The new $87.9 million price tag includes the $6.3 million the City of Omaha has agreed to pay for infrastructure improvements near the new arena at 67th and Center Streets.
UNO will ask the Board of Regents on Friday to approve the revised cost and a financing plan that asks for permission to issue up to $73 million in bonds.
The program statement approved by the Board of Regents in March estimated that UNO would finance $35 million of the project, with an additional $35 million from private donations.
Erin Owen, director of university communications, said the $73 million bonding request is for “flexibility.”
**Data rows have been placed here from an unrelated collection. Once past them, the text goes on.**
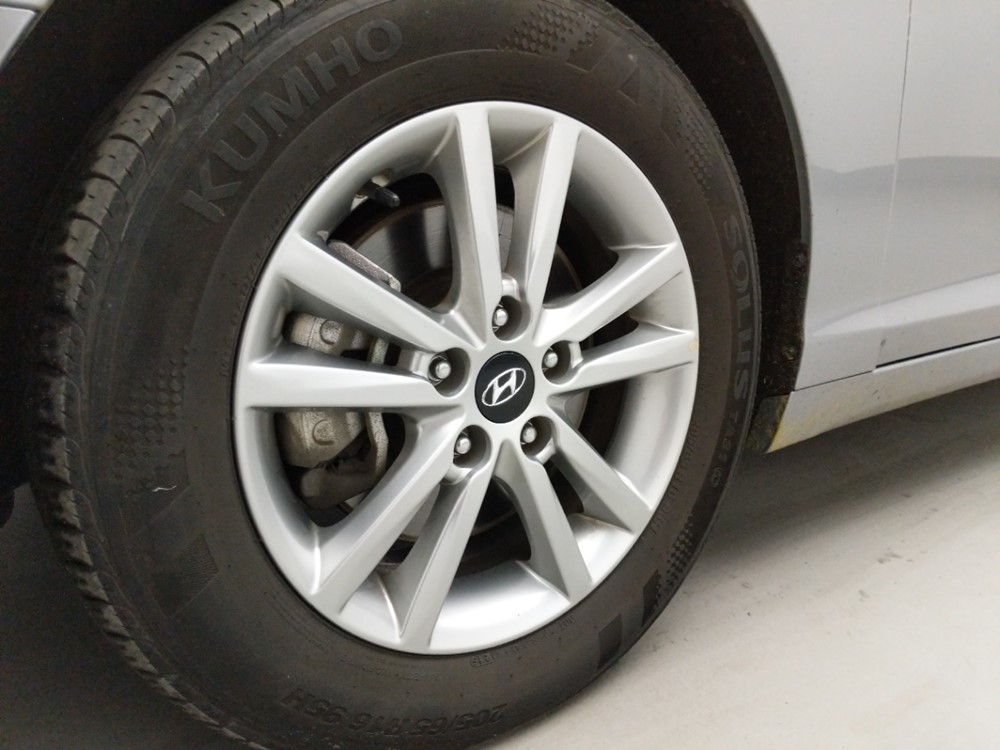 2017 Hyundai Sonata - Wheel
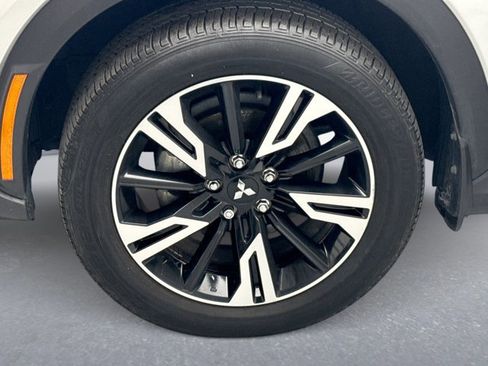 Used 2023 Mitsubishi Eclipse Cross SE image 23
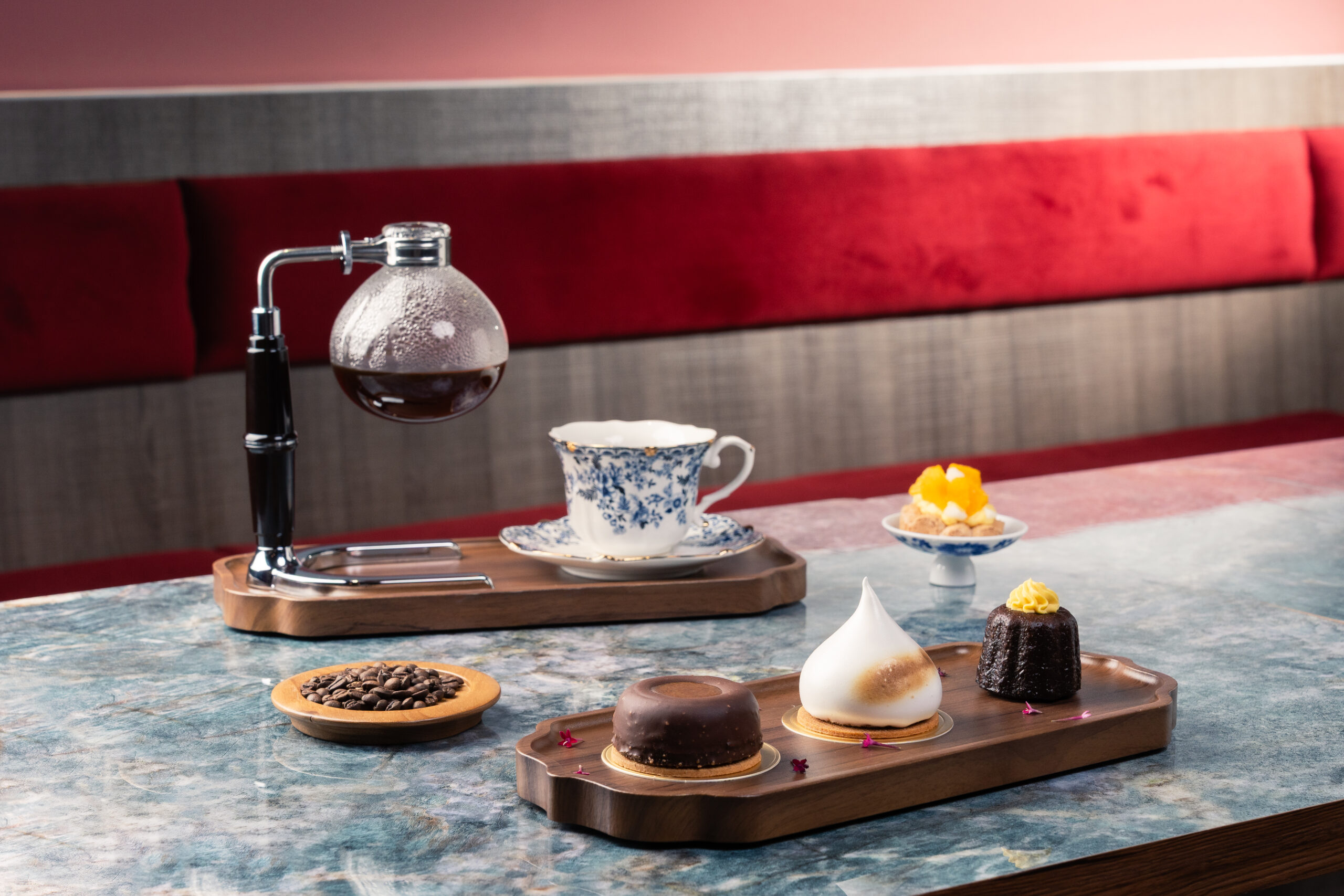 宸酌咖啡店,虹吸壺咖啡,精品咖啡店推薦,台灣高山茶,精釀啤酒咖啡廳,質感咖啡廳,咖啡+啤酒,台北咖啡廳推薦,虹吸咖啡是什麼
UNO plans to increase bonding for the project by only $4 million, to $39 million total. Private donations will now cover $39 million, she said.
“When we were writing the program statement, it would have been impossible to know how much cash-flow financing we would need until the design was final, the budget set and the timing of all cash flows with regard to the project were known,” Owen said in an email.
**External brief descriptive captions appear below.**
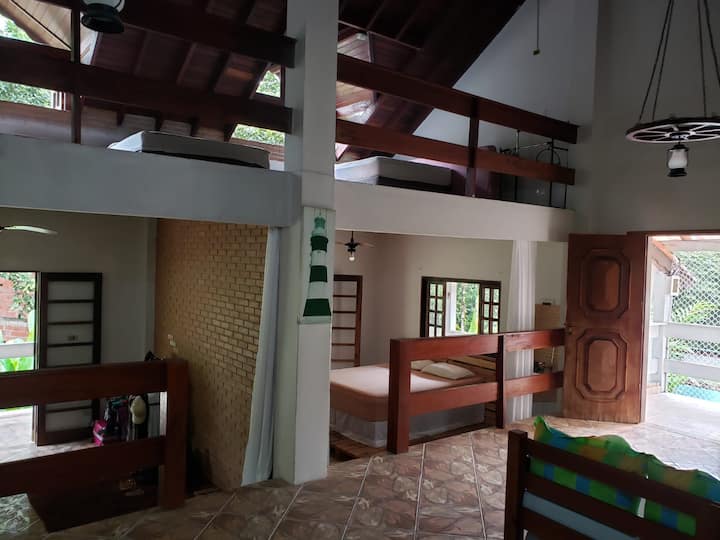 נוף מחדר הטלוויזיה (קומה שנייה) לחדר השינה 3 (קומת ביניים).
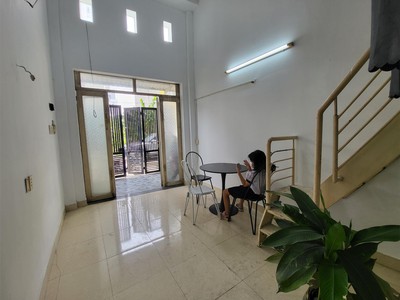 Chính chủ cho thuê MBKD mặt hồ hoàng càu 3715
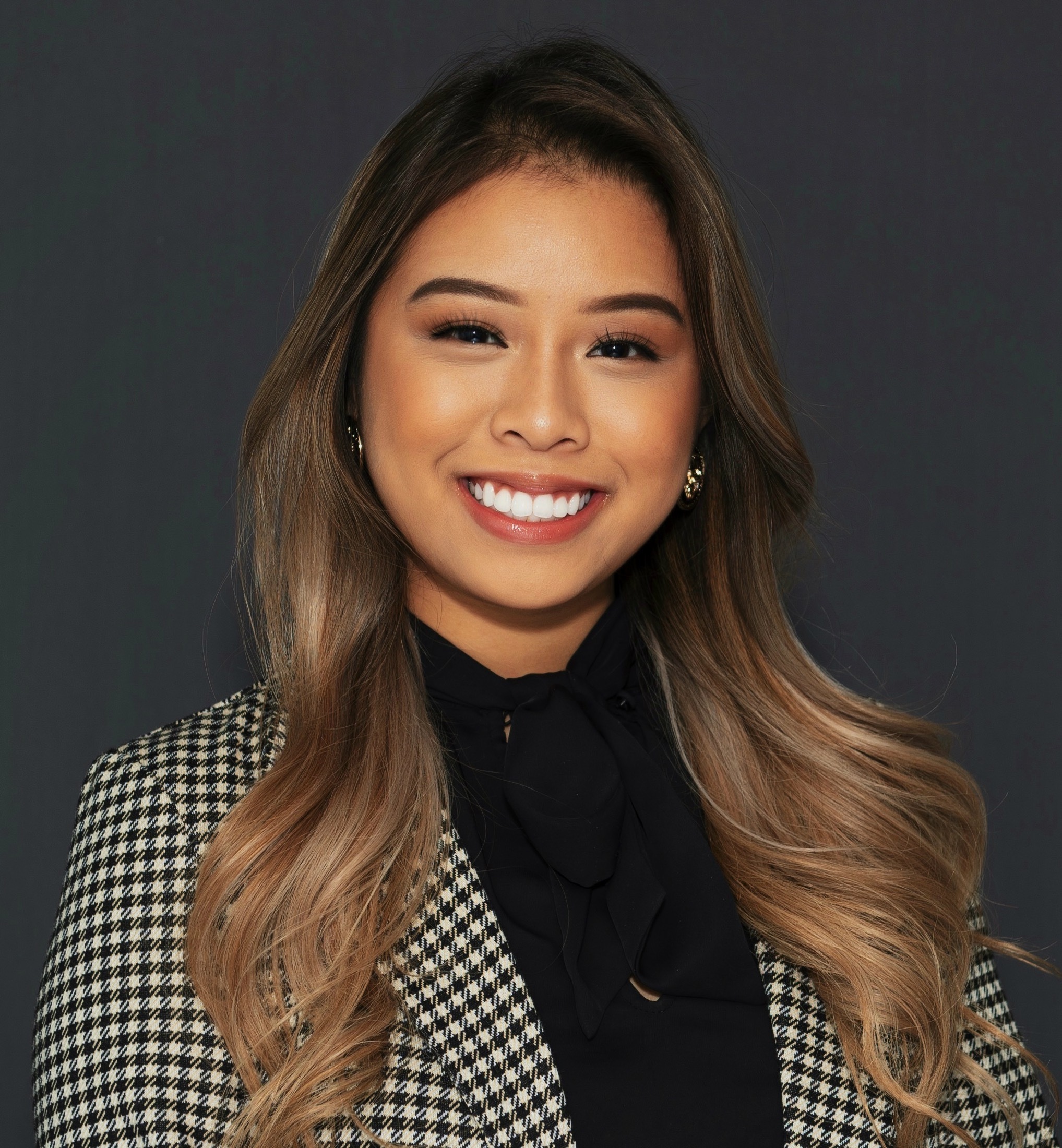 Placeholder headshot for Sheila Trinh.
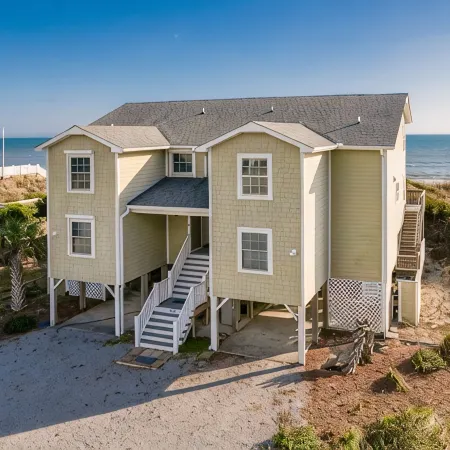 Charming 5-bedroom oceanfront duplex with wonderful views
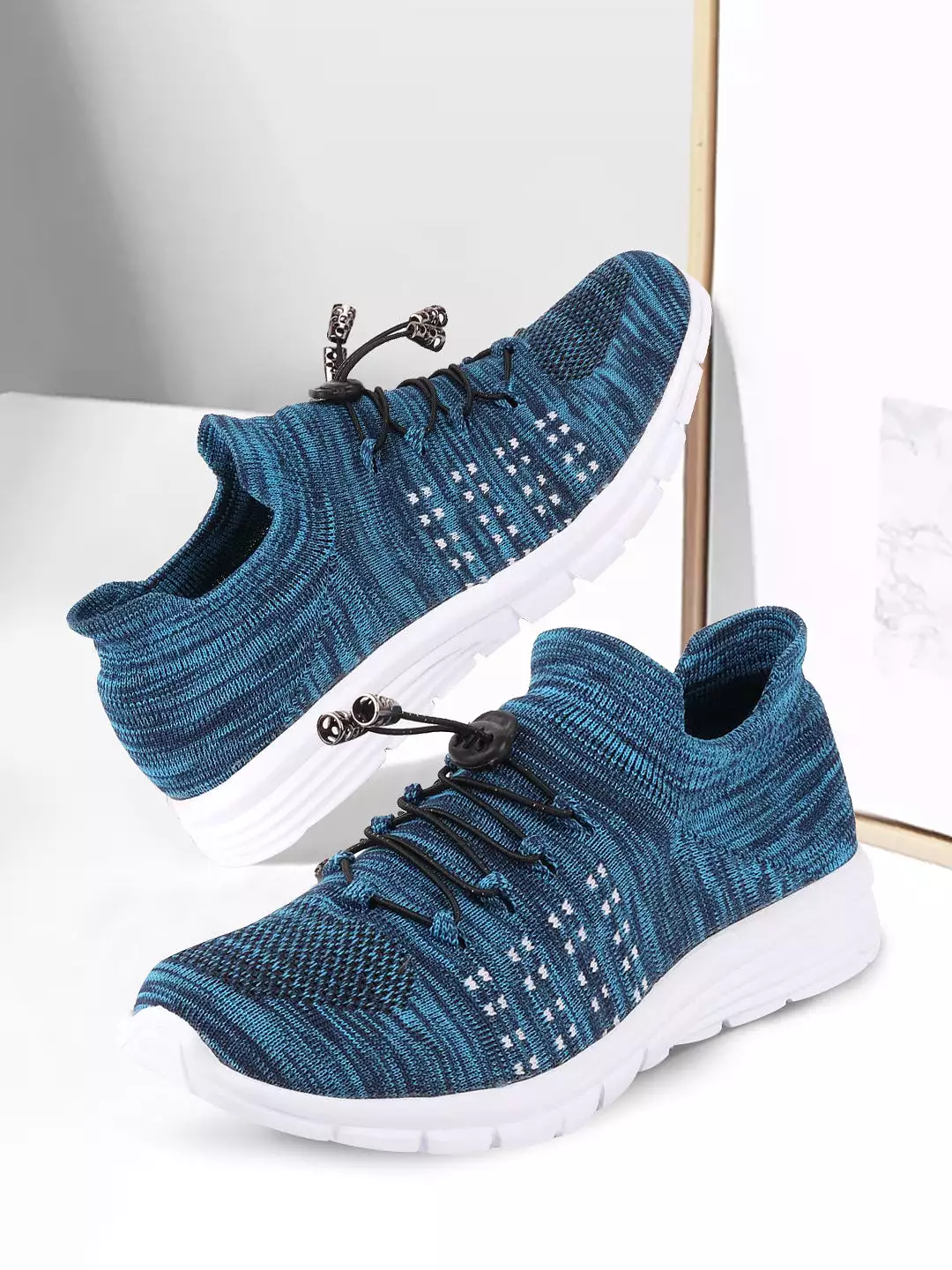 Men Sky Blue Sports Lace-Up Outdoor Running Shoes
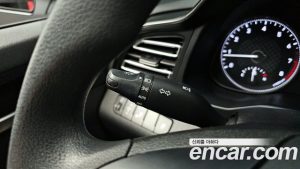 Hyundai AVANTE 1.6 2020 года из Южной Кореи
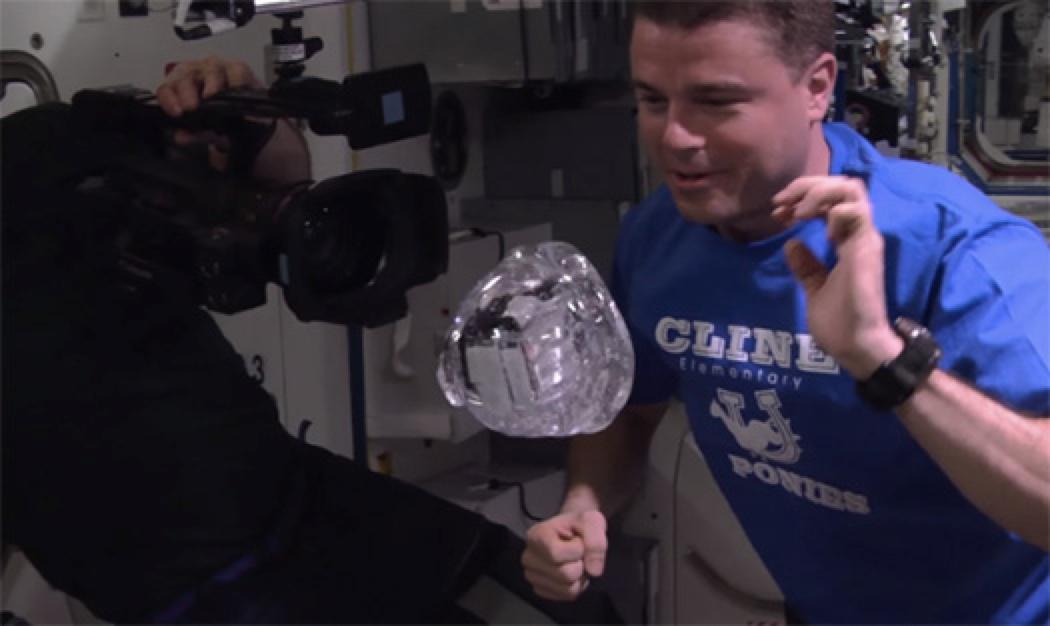 Astronotların GoPro ile ilginç deneyi [Video]

► log.com.tr/astronotlarin-…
William Conley, vice chancellor for business and finance, did not return a call seeking comment.
Owen said UNO intends to pay for the $11.6 million in additional costs with $4 million more in bonds, $4 million more in private donations and $3.6 million in university funds.
She did not provide details Wednesday on where the university funds will come from.
Heritage Services, an organization that harnesses the wealth and clout of prominent Omaha philanthropists, and the University of Nebraska Foundation have committed to raising the additional funds to reach the $39 million in private money required, said Robb Crouch, spokesman for the foundation.
“Heritage Services and the University of Nebraska Foundation are working collaboratively to secure these private funds for the project's success,” he said.
The arena will be home to UNO hockey, men's and women's basketball and volleyball teams, as well as concerts and community functions.
The hockey team currently skates at the CenturyLink Center, the men's basketball team plays at the 3,500-seat Ralston Arena and the women's teams play at the on-campus Sapp Fieldhouse.
While the plan initially called for between 7,000 and 7,500 seats, the new design calls for maximum seating of 7,500. The arena also will house a separate ice rink for practice and community use.
Split-bowl seating will allow for closing off the top bowl during smaller events, and the facility will have student, club and suite seating. Overall, the arena will be 4,600 square feet larger than the original estimate.
Owen said that the final design is more versatile and that the arena will be well-suited for sports, concerts or other community events.
The improving economy has increased construction costs, which contributed to the increase in price as well as the design changes, Owen said.
“The initial costs were based on a concept, not a literal design. Now we have one.”
UNO also will ask Friday for authority to apply for a liquor license at the arena.
The license is “part of the arena operating financial plan and critical to the financing plans,'' according to the board agenda.